The North-South divide in the treatment of Hindi as the ‘national language’ erupted all over again recently with the Twitter spat between Ajay Devgn, a popular Bollywood actor, and Kiccha Sudeep, a Kannada actor. The spat started when Devgn tweeted in response to a statement made by Sudeep to a Karnataka TV channel, where he opined that with south films like RRR, KGF2 and Pushpa recording box-office success in the Hindi heartland as well, Hindi was no longer a national language. Devgn’s tweet in Hindi said, “Hindi was, is and will always remain our mother tongue and national language.”

India does not have a national language. Article 343 (1) of the Indian Constitution states, “The official language of the Union shall be Hindi in Devanagari script.” The Constitution adds that English is also an official language and that the Union must promote the spread of Hindi to “serve as a medium of expression for all the elements of the composite culture of India”.
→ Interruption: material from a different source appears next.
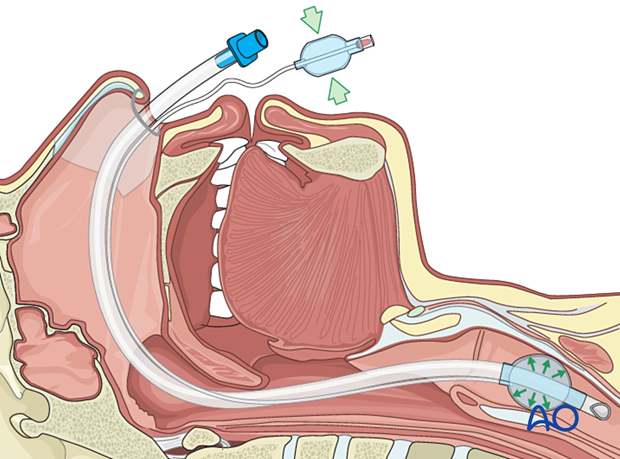 Nasotracheal intubation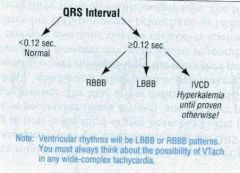 LBBB/RBBB


Intraventricular conduction delays


WPW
The 2011 Census recorded the proportion of the Indian population speaking Hindi as the first language was only 43.6%. Little wonder then that the attempt to push it as the official language in the non-Hindi speaking belt has met with huge resistance.

The row over Hindi as the national language within the south, especially Tamil Nadu, has a long history even while other states such as Karnataka adopted the three-language formula. In Tamil Nadu, in 1937, when C Rajagopalachari, the Premier of the Madras Presidency, sought to make Hindi compulsory in secondary schools, E V Ramasamy (called Periyar), spearheaded a campaign against Hindi. The British government, however, made Hindi optional in 1940. The issue became a political hot potato, when in 1965, reports regarding the replacement of English with Hindi as the official language led to a fresh round of anti-Hindi protests. The DMK rose to power on the back of the anti-Hindi agitation in 1967. Chief Minister C N Annadurai repealed the three-language formula of the Central government and announced a two-language policy based on Tamil and English. This state policy has remained in place, irrespective of the political party in power. The Tamil Nadu government, recently, again rejected the suggestion of a three-language policy contained in the New Education Policy (NEP).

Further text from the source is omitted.